Bien que présentée dans la petite salle, condition légale porte ombrage à la présence du Terre-Neuvien Glenn Gear, dans la grande salle. Son installation sur les thèmes croisés – et quelque peu galvaudés… – de l’appartenance au territoire, de l’autobiographie familiale et de l’érotisme homosexuel apparaît bien bénigne.
Galerie Articule
jusqu’au 14 juin
Mois de la calligraphie chinoise à Montréal
La Chine est à Montréal. Ou disons plutôt, cette part la plus immatérielle de la Chine, qui s’exprime à travers sa calligraphie, un art du reste international, pratiqué à travers le monde entier. Depuis le 1er mai, Montréal abrite le Mois de la calligraphie chinoise, qui réunit trois expositions principales. A la Maison de la culture Frontenac et au Musée d’arts traditionnels chinois Foung Cheung (525, rue Sherbrooke Est) se trouvent réunies plus de 400 ouvres en provenance des pays asiatiques, d’Europe, et d’Amérique du Nord (jusqu’au 14 juin). Certaines sont signées Kong Hong, d’autres Susie Lee, d’autres encore Louise Latraverse ou Louise Forestier…

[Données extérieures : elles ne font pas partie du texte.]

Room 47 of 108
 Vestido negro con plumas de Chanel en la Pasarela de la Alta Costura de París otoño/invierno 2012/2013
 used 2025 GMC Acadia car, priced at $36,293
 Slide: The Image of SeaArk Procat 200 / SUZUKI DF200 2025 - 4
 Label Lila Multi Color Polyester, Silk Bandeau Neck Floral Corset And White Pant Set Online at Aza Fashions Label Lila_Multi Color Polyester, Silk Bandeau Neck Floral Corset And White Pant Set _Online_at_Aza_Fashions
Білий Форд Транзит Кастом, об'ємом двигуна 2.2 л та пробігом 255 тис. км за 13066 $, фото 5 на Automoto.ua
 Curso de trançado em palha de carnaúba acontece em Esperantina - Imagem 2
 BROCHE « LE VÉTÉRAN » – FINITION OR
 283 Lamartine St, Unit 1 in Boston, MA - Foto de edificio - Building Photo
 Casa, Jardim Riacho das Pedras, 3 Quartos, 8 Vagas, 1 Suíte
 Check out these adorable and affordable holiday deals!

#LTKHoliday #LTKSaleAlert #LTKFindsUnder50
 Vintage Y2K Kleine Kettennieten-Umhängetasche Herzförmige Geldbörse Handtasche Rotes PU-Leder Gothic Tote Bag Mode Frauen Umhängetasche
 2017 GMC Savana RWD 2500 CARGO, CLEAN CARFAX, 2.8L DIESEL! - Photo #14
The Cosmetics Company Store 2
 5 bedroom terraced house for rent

C’est que Montréal bénéficie, depuis 1988, de la présence inspirée de Ngan Siu Mui. Artiste accomplie, Ngan Siu Mui se dévoue au rayonnement de son art, notamment à travers la Société pour la culture chinoise traditionnelle de Montréal et le Musée Foung Chung, dont elle est présidente, et où l’on peut s’initier à cet art complexe et exotique qui réunit la poésie, la peinture, la calligraphie et la gravure de sceaux. Toujours dans le cadre du Mois de la calligraphie, la Maison de la culture Plateau-Mont-Royal abrite d’ailleurs jusqu’au 31 mai les travaux d’une trentaine des élèves de madame Ngan Siu Mui.
En bref
Quelques expositions tirent à leur fin cette semaine. Soulignons tout d’abord celle de l’Américain Michael Singer, à 200 m3 (au 460 Sainte-Catherine Ouest). Montée par Pierre E. Leclerc et Michel Archambault, l’exposition, une première canadienne, regroupe des documents relatifs à l’ensemble de la carrière de cet artiste devenu architecte, et dont les projets manifestent une sensibilité raffinée au site. (Jusqu’au 30 mai). Autre exposition d’intérêt, le duo Julie Boissonneault et Benoît Bourdeau, à la galerie Clark. La première, avec une installation murale délicate, le second avec d’intrigants théâtres miniatures. (Jusqu’au 31 mai.)
Rayon peinture, la galerie Éric Devlin reçoit actuellement Sophie Lanctôt, avec une suite d’un classicisme serein sur le thème de la fin du paysage; et dans la petite salle, trois grandes pièces abstraites de Leopold Plotek, regroupées sous le titre Die Niemandsrose, un hommage au poète allemand Paul Celan. Il s’agit de la première collaboration de Plotek avec la galerie (jusqu’au 30 mai). Notons par ailleurs le regroupement, dans le Vieux-Montréal, de cinq peintres travaillant dans une logique «post-formaliste»: Mario Côté, Stéphane La Rue, Monique Régimbald-Zeiber, Francine Savard et Jean-Émile Verdier (théoricien avant tout). Cela s’intitule… Le Mensonge de la couleur (206, rue de l’Hôpital, jusqu’au 30 mai).
Dernière minute
On vous parlait la semaine passée de l’ouverture de nouvelles galeries à Montréal. Il faut en ajouter une autre à la liste, l’Espace Vidéographe. Situé au 460, rue Sainte-Catherine, Ouest, où se trouve déjà la maison mère, l’Espace Vidéographe, que dirige l’ubiquiste Emmanuel Galland, sera «voué à la présentation de la vidéo et à ses excroissances». Au programme de cette première exposition suavement intitulée Ouverture officielle d’une espace à venir, tout ce que la relève compte d’espoirs: David Altmejd, Yan Chubby, Patrick Coutu, Pascal Grandmaison, et d’autres, ainsi que quelques noms plus établis, dont Charles Guilbert (Jusqu’au 20 juin).